Input for this task —

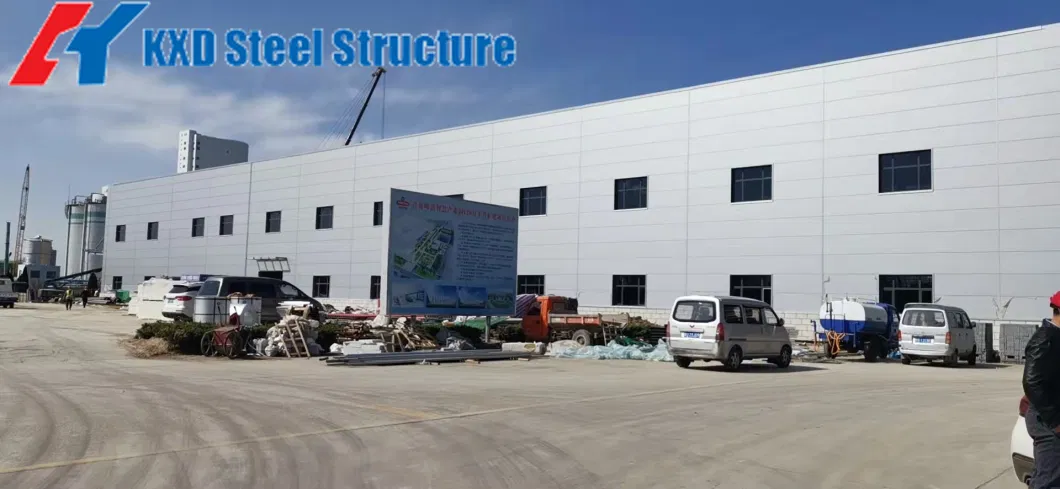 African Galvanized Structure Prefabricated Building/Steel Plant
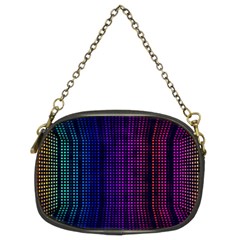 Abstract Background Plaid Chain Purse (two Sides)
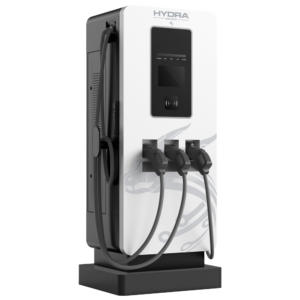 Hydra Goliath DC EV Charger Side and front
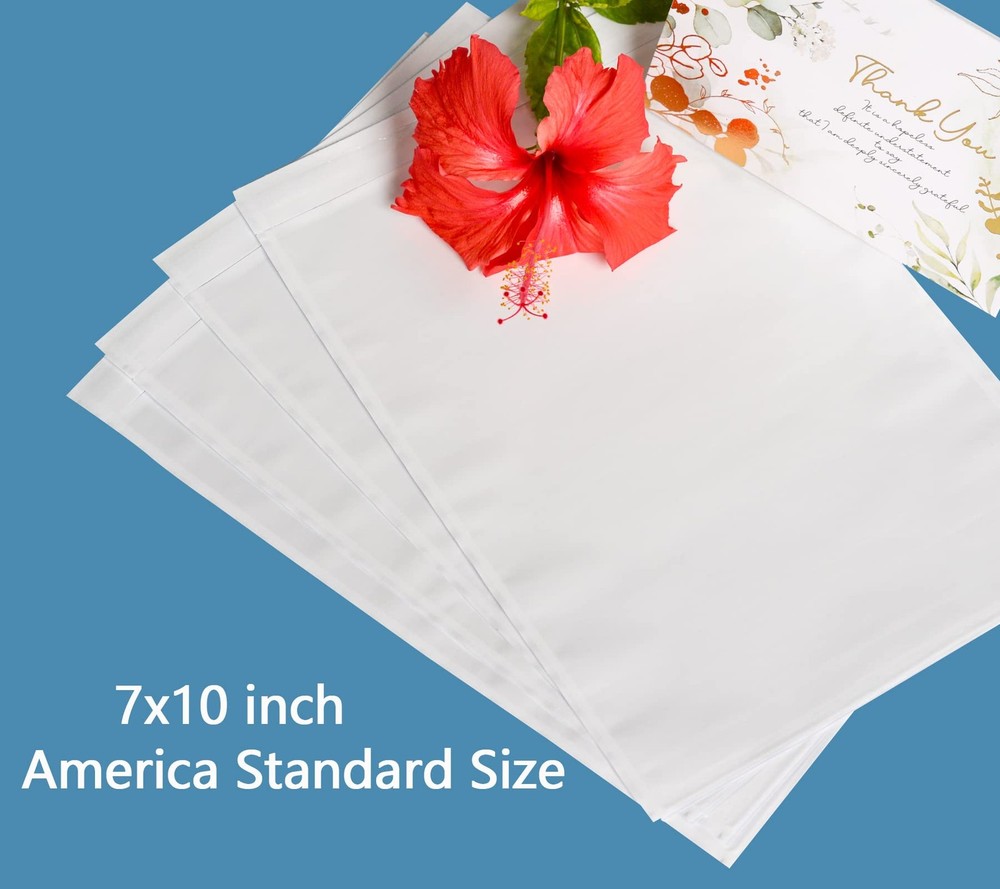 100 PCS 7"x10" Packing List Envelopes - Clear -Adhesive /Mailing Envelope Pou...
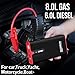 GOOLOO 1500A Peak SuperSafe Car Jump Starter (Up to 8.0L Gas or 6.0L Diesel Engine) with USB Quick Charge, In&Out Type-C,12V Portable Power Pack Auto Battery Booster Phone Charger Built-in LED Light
--
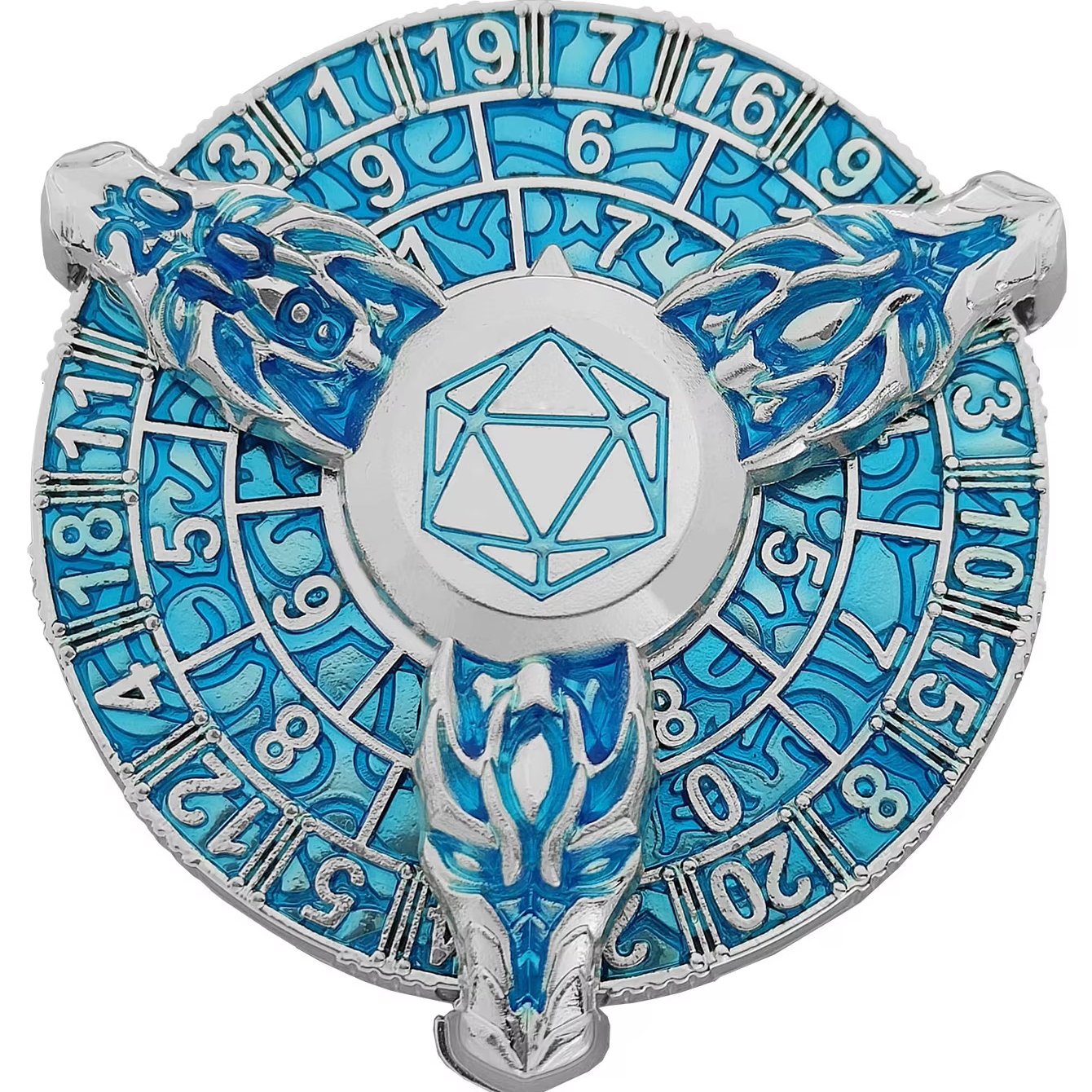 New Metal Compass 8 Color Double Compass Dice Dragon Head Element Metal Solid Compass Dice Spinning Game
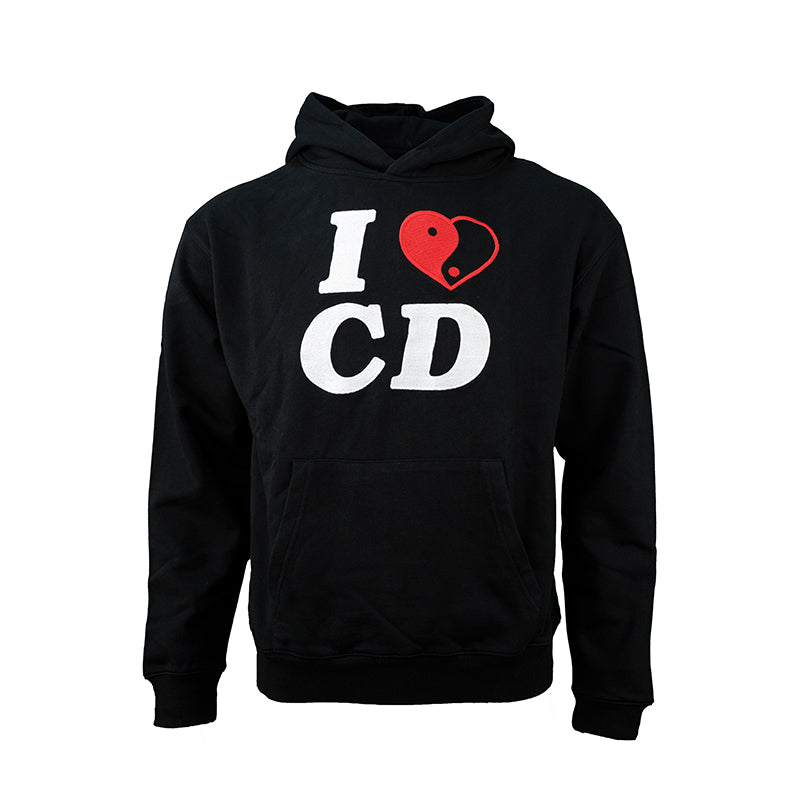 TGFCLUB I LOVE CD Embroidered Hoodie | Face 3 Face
* * *
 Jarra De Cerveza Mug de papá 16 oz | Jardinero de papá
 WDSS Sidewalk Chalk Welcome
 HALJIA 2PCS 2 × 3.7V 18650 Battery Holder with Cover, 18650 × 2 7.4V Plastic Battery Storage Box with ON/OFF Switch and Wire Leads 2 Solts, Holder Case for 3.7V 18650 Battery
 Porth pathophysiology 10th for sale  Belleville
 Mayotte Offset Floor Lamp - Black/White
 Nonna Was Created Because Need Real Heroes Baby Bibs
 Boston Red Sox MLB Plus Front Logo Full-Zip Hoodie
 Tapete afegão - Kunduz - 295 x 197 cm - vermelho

Assigned task — Proceeding from the line containing "HALJIA 2PCS 2" through the line containing "Nonna Was Created", transcribe the lines above exactly, both end lines included.

Result of this exercise —
 HALJIA 2PCS 2 × 3.7V 18650 Battery Holder with Cover, 18650 × 2 7.4V Plastic Battery Storage Box with ON/OFF Switch and Wire Leads 2 Solts, Holder Case for 3.7V 18650 Battery
 Porth pathophysiology 10th for sale  Belleville
 Mayotte Offset Floor Lamp - Black/White
 Nonna Was Created Because Need Real Heroes Baby Bibs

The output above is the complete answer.